Input data.
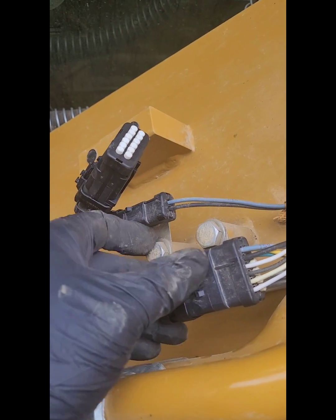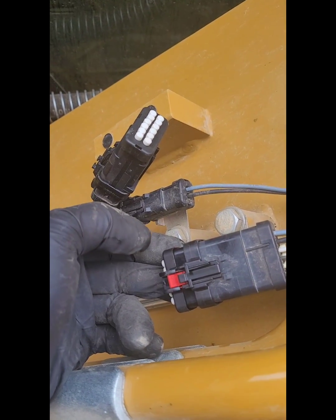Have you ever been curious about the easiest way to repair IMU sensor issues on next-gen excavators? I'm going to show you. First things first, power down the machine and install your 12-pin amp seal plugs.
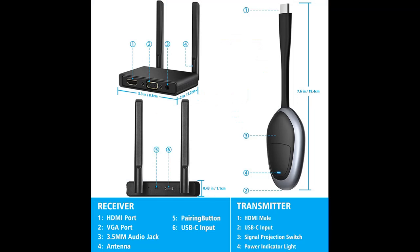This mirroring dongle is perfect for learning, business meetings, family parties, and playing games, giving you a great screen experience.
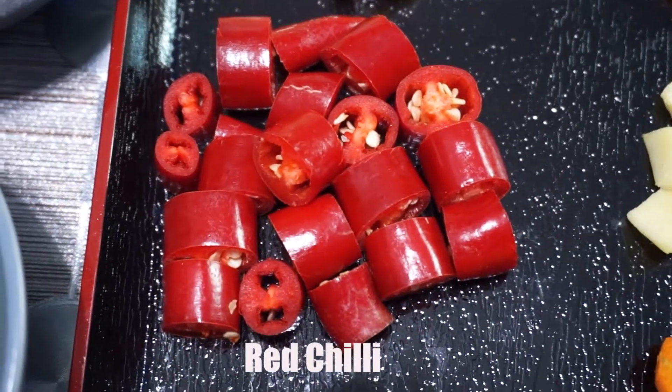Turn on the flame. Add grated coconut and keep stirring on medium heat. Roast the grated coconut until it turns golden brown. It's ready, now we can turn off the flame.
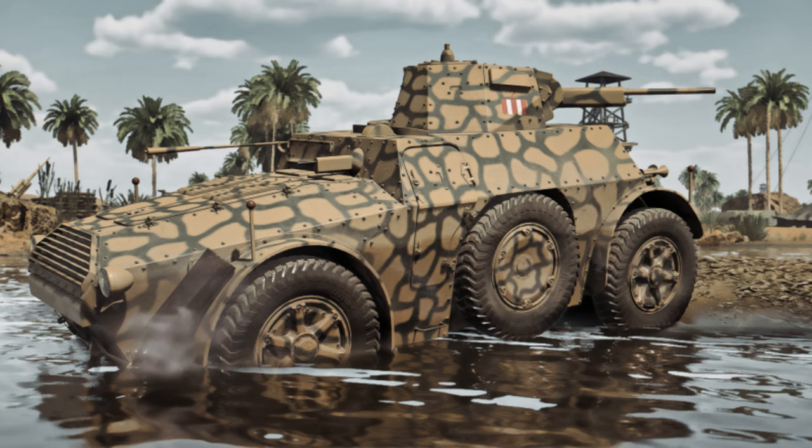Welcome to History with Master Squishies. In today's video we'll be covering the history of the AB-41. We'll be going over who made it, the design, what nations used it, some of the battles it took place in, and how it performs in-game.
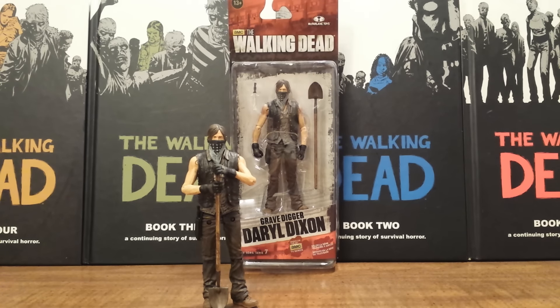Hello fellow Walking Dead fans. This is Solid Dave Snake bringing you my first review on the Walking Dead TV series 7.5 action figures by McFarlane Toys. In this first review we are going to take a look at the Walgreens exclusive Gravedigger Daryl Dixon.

--

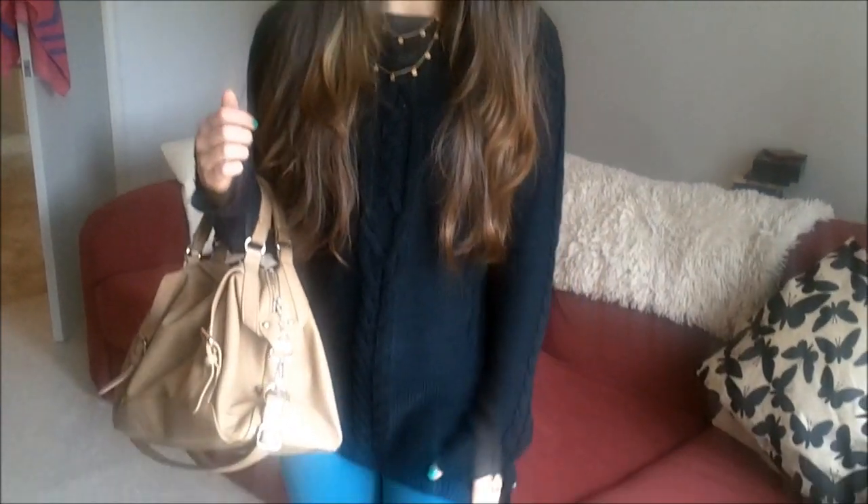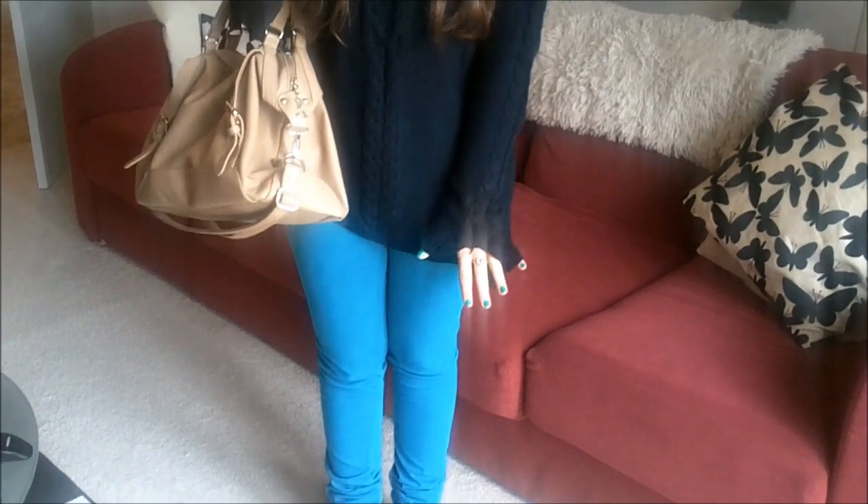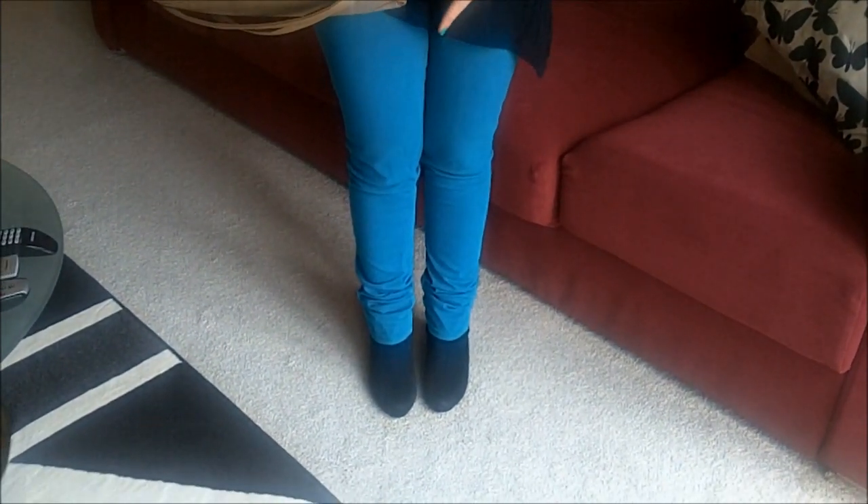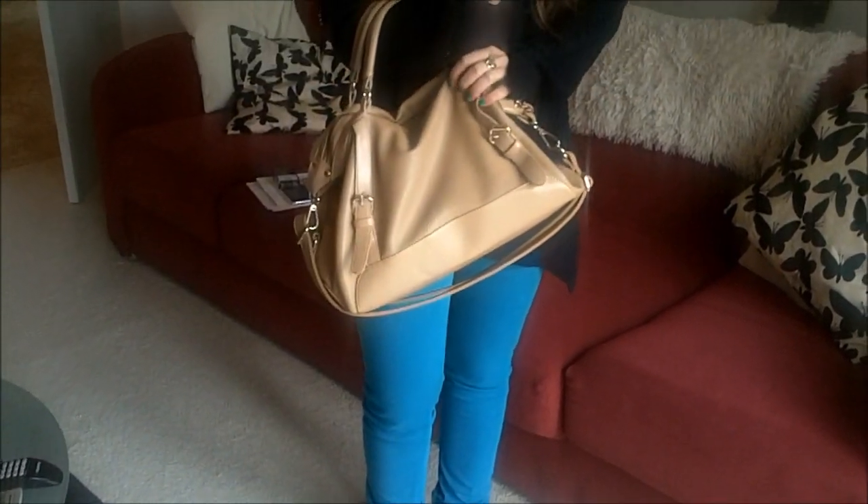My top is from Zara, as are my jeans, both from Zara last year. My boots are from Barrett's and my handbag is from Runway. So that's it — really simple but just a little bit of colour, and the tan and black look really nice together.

About this task. Your answer is the exact run of lines above from the one with "Have you ever" through the one with "This mirroring dongle", both ends included, minus any picture.

Answer section.
Have you ever been curious about the easiest way to repair IMU sensor issues on next-gen excavators? I'm going to show you. First things first, power down the machine and install your 12-pin amp seal plugs.
This mirroring dongle is perfect for learning, business meetings, family parties, and playing games, giving you a great screen experience.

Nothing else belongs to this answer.